Brewers yeast is what is known as a faculative anaerobe which means it is able to grow under both aerobic and anaerobic conditions. In fact, yeast grows maximally under aerobic conditions (meaning, in the presence of oxygen). However, wort fermentation (which we’re concerned with as brewers) is largely carried out anaerobically.
When it comes to brewing there are actually only three points where the introduction of oxygen is beneficial;
During yeast propagation of a new culture
For barley germination during malting
When yeast is first pitched into wort, some oxygen must be made available to the yeast but apart from this, oxygen should be excluded due to the fact it promotes flavour instability.
So, if yeast is capable of growing without oxygen present and the presence of oxygen can actually be detrimental to your beer, why introduce oxygen at all?
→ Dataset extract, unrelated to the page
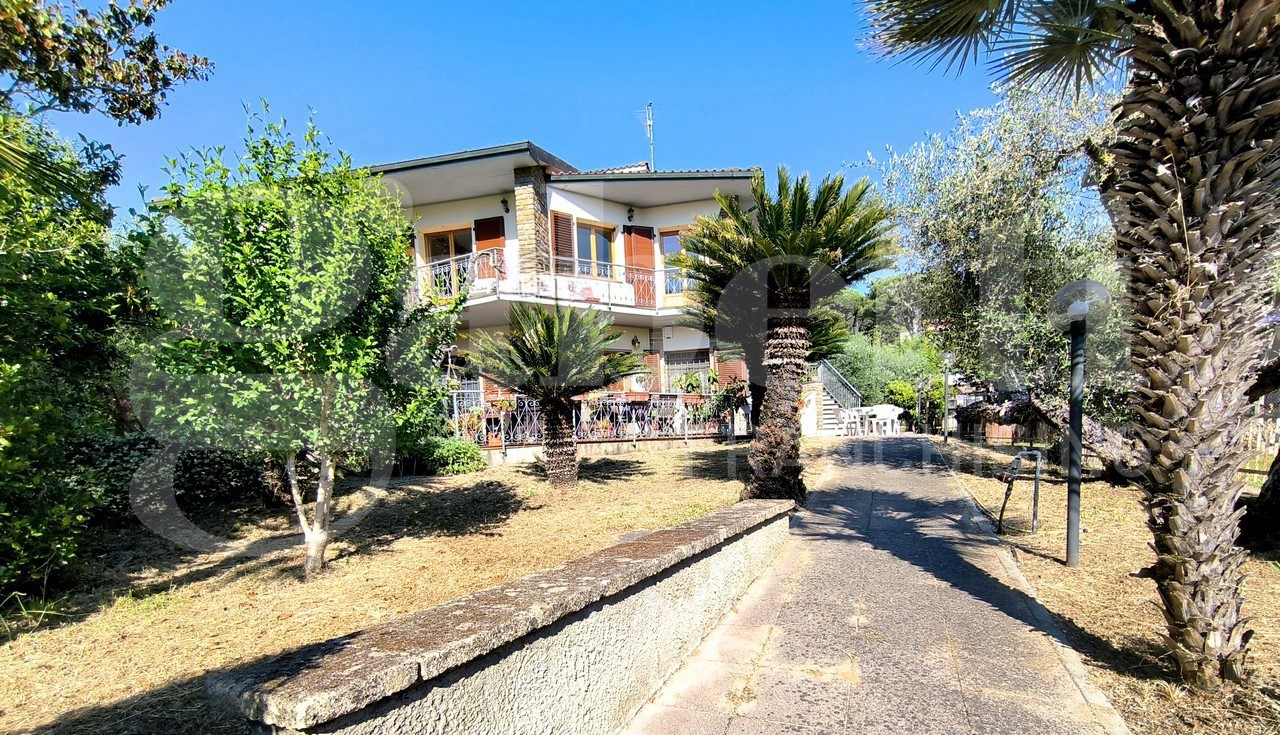 Villa Bifamiliare con giardino a Scarlino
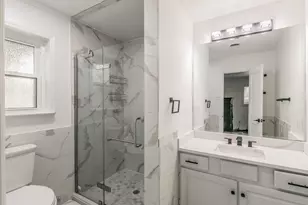 8559 S Mediterranean Cir, Dallas, TX 75238 - Photo 25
Well, there are actually several reasons oxygen is required in the wort at the pitching stage;
Oxygen is required for normal yeast reproduction – meaning if you want your yeast to reach exponential growth and consume the available sugars in your wort, oxygen must be present at the pitching stage. Otherwise you will struggle to reach your final gravity and may experience altered beer flavour.
Saccharomyces (brewers yeast) requires both preformed sterols and unsaturated fatty acids in order to grow under anaerobic conditions. Both of these lipids require molecular oxygen in order to be properly synthesised.
The production of sterols such as ergosterol (which is directly related to cell viability in the presence of ethanol) requires molecular oxygen.
So for the purpose of brewing, molecular oxygen is required as it is taken up by yeast and used in order to synthesise sterols and unsaturated fatty acids which are essential components of the yeast membrane and required for growth. This all takes place within 3-9 hours, after which time oxygen is unlikely to be present in pitched wort.
We caught up with Dave from our UK team to talk us through the methods available to homebrewers for introducing oxygen to their wort.
“Oxygen is an extremely important (but often overlooked) component of your wort and vital for creating good beer. There are several methods we can use to introduce oxygen to our wort, varying in results, repeatability and cost.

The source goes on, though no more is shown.